Klara moved slowly to the door of the shed. She hesitated there, her hand curled around the edge of the door.

‘Get out,' I whispered. My throat seemed to have closed. Words could barely escape.

She waited a few seconds more. Then she pulled open the shed door and the light savaged my naked skin.

‘If you tell,' Klara said in a scratchy voice like an old vinyl record, ‘he'll kill me. You know he will.' She pulled the door shut behind her.

Twenty years later, that scratchy voice spoke behind me.

‘There are seats here.'

A slim hand beside me pointed to a bench at my table, which was littered with chip packets and a dozen glasses – half empty, ringed with dried foam, lipsticked and smeared with oily fingerprints – from the crowd that had headed out to the beer garden. The funeral was over. Everyone had moved on to the informal wake at the pub and the drinking and shouting was getting harder and louder.

‘Natalie?' the voice said into my ear.
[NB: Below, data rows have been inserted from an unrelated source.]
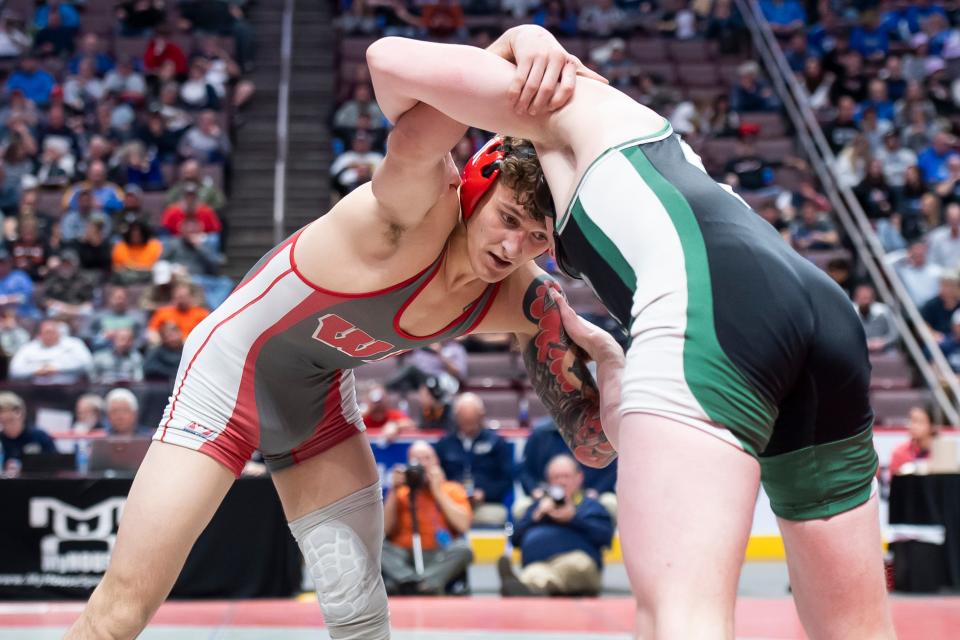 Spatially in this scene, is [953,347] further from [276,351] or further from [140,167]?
[276,351]

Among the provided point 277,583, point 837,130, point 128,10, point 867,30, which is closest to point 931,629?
point 277,583

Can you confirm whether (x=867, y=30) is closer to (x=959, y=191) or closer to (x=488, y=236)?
(x=959, y=191)

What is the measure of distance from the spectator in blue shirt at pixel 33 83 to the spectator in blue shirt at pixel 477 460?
280 inches

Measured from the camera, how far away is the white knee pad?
3.14 meters

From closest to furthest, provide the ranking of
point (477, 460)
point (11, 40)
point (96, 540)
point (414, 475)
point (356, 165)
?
point (96, 540), point (414, 475), point (477, 460), point (356, 165), point (11, 40)

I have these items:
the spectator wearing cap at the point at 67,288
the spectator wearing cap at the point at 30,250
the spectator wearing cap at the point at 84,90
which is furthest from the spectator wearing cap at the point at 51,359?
the spectator wearing cap at the point at 84,90

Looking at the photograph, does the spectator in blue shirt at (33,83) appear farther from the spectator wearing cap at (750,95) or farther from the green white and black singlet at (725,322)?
the green white and black singlet at (725,322)

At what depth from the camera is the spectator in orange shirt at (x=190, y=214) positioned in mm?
10445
Her fingers touched my wrist, light as fairy dust, and twenty years vanished. I was flung back to the days of Klara, the hot sunshine and tickly grass, our special jokes and the purse full of lucky white stones we collected from each corner of the playground, chanting as we went.
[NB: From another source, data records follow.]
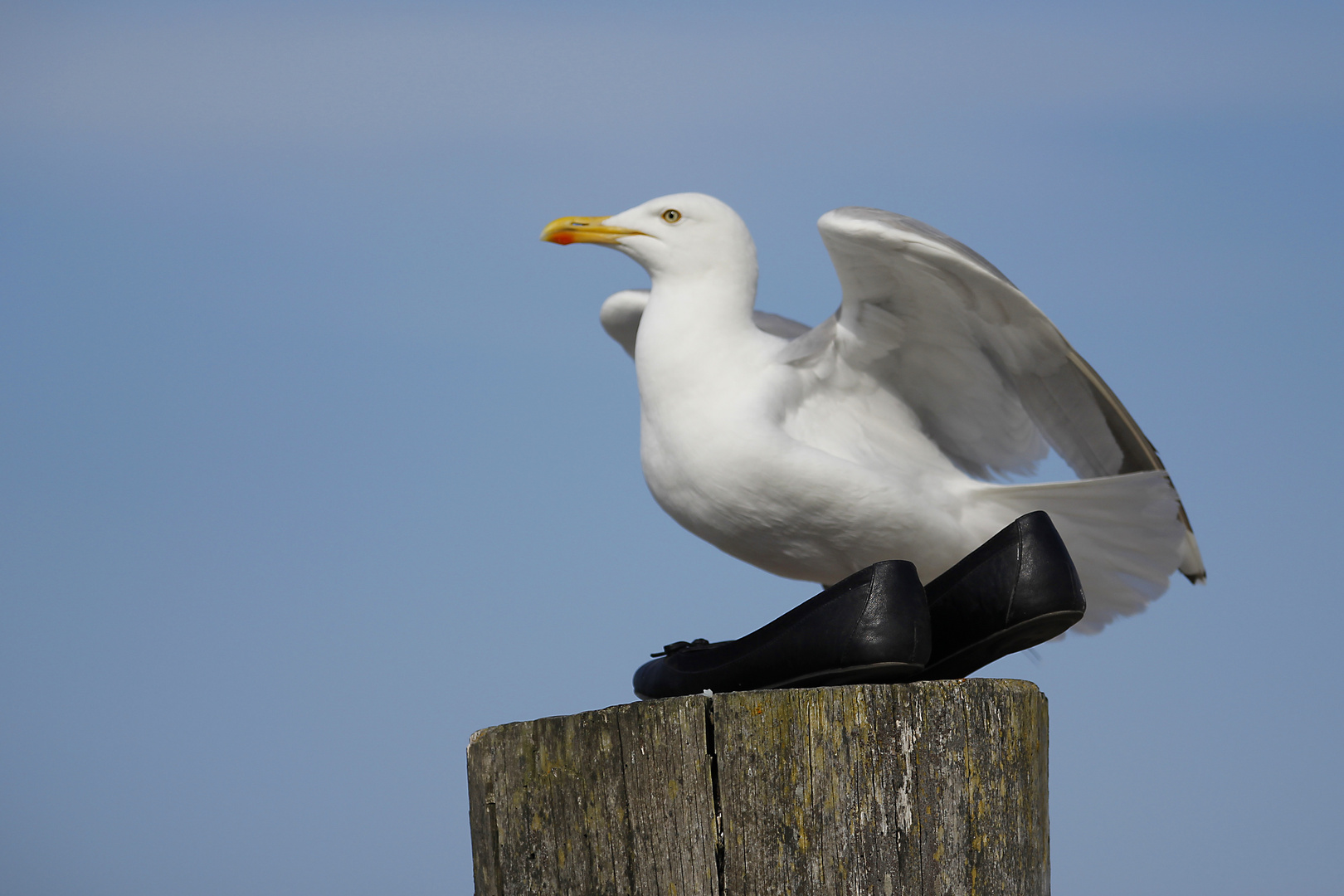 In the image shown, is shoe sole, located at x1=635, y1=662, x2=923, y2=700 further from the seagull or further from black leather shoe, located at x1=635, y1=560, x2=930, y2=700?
the seagull

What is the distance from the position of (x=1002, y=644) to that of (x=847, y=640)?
393mm

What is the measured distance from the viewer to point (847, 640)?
2.31 m

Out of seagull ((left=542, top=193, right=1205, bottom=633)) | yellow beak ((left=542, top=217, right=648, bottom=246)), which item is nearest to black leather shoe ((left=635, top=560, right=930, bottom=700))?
seagull ((left=542, top=193, right=1205, bottom=633))

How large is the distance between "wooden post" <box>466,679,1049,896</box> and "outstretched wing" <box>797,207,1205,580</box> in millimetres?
1675

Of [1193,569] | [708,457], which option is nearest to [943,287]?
[708,457]

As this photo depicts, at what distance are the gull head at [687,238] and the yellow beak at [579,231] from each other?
0.06 metres

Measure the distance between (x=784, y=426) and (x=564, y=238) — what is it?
1.07 meters

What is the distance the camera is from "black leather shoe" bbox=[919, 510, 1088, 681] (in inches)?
95.7

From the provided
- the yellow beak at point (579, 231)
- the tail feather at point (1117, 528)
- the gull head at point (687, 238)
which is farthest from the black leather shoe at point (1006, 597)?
the yellow beak at point (579, 231)

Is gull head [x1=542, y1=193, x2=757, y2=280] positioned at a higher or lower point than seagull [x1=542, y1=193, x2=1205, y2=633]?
higher

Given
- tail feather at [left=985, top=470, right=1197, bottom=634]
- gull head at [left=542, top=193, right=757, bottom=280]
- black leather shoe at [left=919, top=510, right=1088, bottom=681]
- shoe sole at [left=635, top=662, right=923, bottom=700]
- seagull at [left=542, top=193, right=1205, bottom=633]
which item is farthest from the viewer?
gull head at [left=542, top=193, right=757, bottom=280]

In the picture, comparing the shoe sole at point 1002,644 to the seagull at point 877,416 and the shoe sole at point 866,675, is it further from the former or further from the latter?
the seagull at point 877,416

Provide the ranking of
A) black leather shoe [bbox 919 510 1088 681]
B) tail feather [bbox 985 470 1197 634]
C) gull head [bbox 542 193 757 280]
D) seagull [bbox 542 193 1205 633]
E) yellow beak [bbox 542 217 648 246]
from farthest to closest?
yellow beak [bbox 542 217 648 246]
gull head [bbox 542 193 757 280]
tail feather [bbox 985 470 1197 634]
seagull [bbox 542 193 1205 633]
black leather shoe [bbox 919 510 1088 681]

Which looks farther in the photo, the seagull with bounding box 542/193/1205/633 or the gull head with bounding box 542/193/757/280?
the gull head with bounding box 542/193/757/280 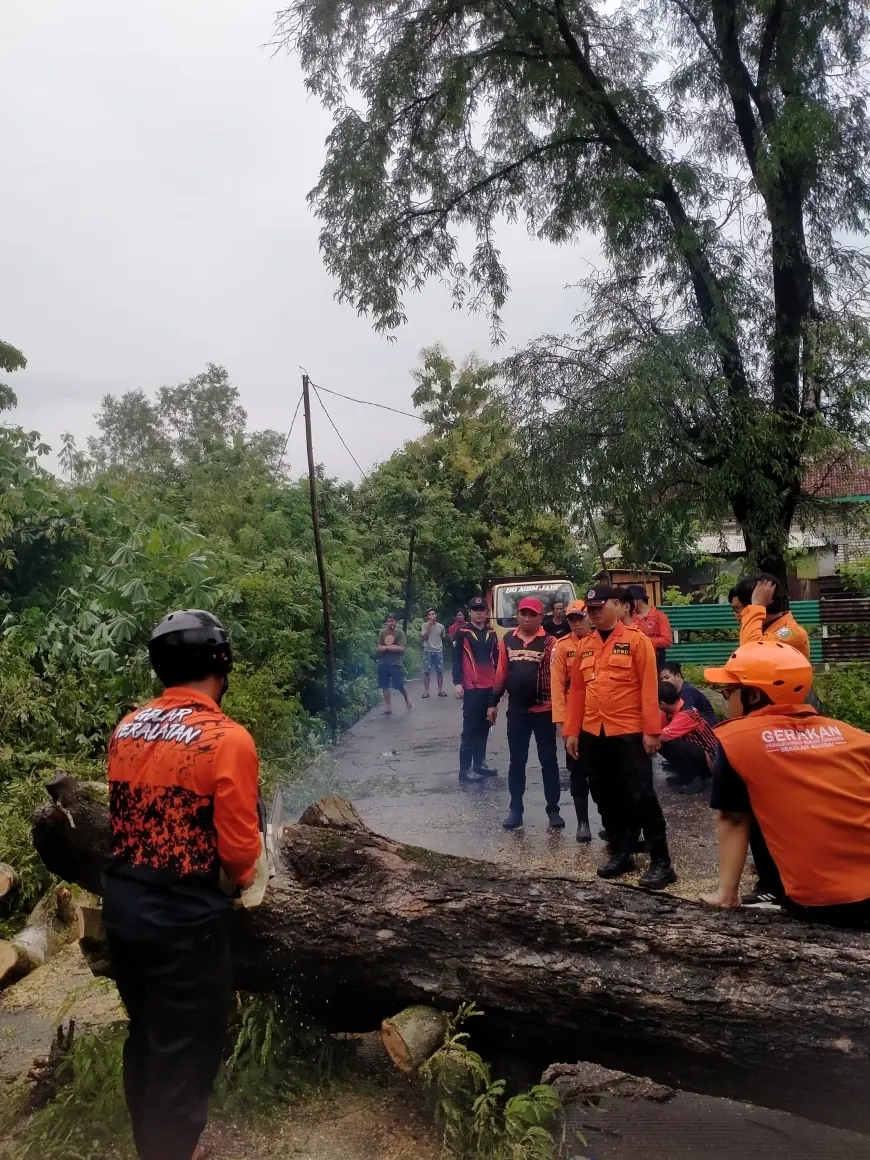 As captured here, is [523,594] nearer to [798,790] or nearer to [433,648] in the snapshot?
[433,648]

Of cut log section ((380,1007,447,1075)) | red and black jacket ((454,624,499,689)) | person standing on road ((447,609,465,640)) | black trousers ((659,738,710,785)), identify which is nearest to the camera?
cut log section ((380,1007,447,1075))

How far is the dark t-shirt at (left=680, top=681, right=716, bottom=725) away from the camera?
7.96 meters

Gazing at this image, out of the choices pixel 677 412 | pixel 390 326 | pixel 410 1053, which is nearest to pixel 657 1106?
pixel 410 1053

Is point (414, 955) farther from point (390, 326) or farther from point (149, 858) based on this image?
point (390, 326)

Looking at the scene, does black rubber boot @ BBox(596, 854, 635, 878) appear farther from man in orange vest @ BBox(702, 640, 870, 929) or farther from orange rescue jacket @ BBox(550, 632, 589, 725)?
man in orange vest @ BBox(702, 640, 870, 929)

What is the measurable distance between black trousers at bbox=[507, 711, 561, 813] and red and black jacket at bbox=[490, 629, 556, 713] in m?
0.08

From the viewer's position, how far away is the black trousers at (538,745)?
704 centimetres

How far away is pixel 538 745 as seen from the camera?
711 cm

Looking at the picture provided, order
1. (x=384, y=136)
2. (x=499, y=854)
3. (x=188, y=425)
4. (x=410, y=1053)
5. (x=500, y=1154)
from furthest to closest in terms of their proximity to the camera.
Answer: (x=188, y=425) → (x=384, y=136) → (x=499, y=854) → (x=410, y=1053) → (x=500, y=1154)

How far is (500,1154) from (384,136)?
10.6m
When I turned I half expected to see the old Klara, her earnest eyes gazing into mine, reedy brown hair wound into the tight plaits that boys at school felt compelled to twitch and pull at every opportunity. Instead, there stood a woman with a blonde bob and smooth made-up skin. She shook her head and the hair followed in a perfect feathery swing.
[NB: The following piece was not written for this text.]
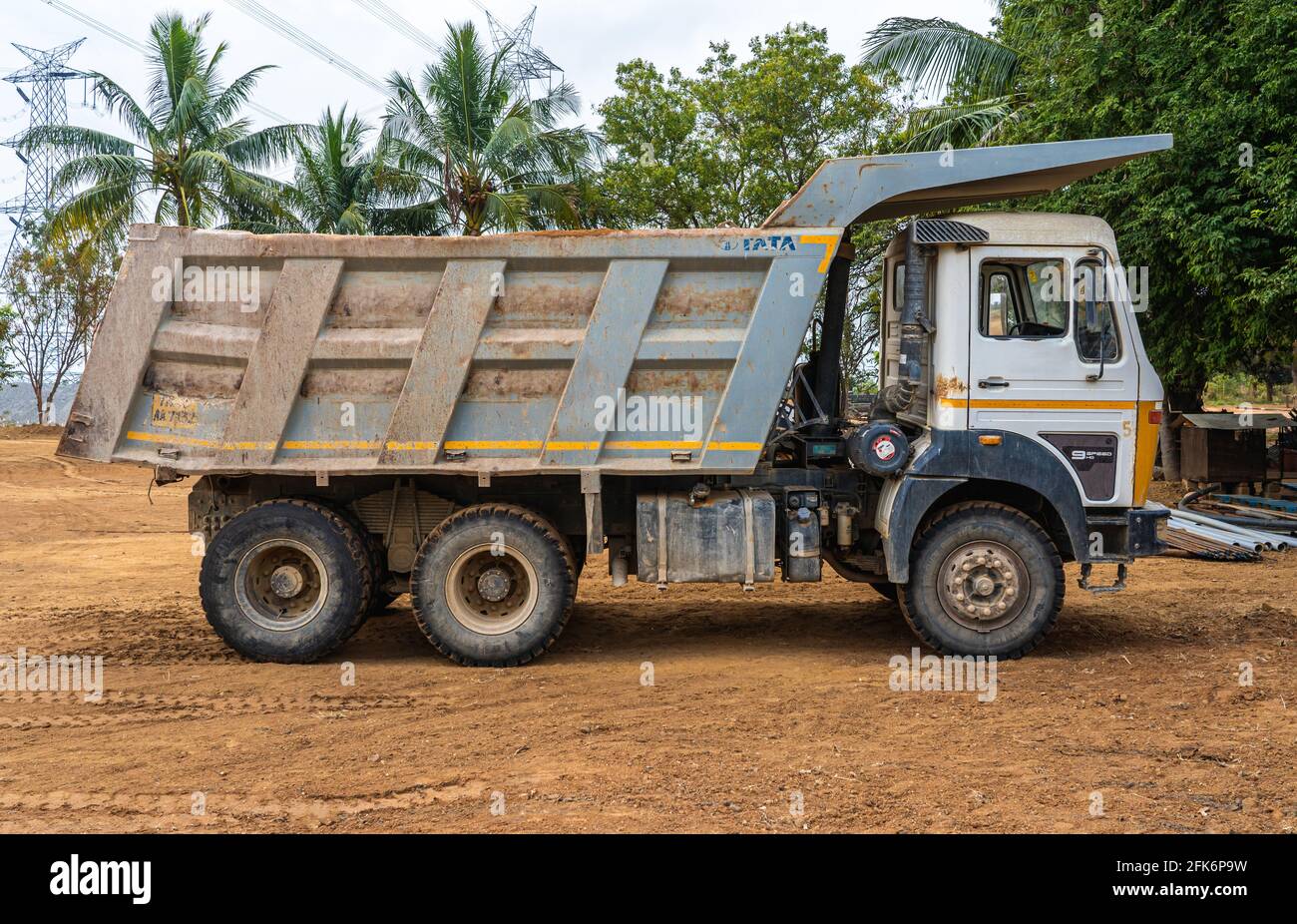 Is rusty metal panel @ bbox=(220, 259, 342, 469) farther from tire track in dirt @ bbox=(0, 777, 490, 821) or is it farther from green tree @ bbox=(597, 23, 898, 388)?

‘What are you doing here?' I said.

My chair rocked on its wobbly legs. Klara gave me some answer about a connection to my cousin's funeral as I tried to steady myself with my feet but found them jarring against the stubby carpet. A waiter came to collect the glasses and litter from the table. Once he had left, glasses in a ladder up his arm, the surface was still tacky with spilled beer and wine so that the underside of my arm peeled away from the table's veneer like a strip of contact.

‘Natalie and I were at primary school together,' Klara explained to her husband. ‘But my family moved to the country and we lost touch.'

I stared at her.

‘We used to be best friends,' Klara said.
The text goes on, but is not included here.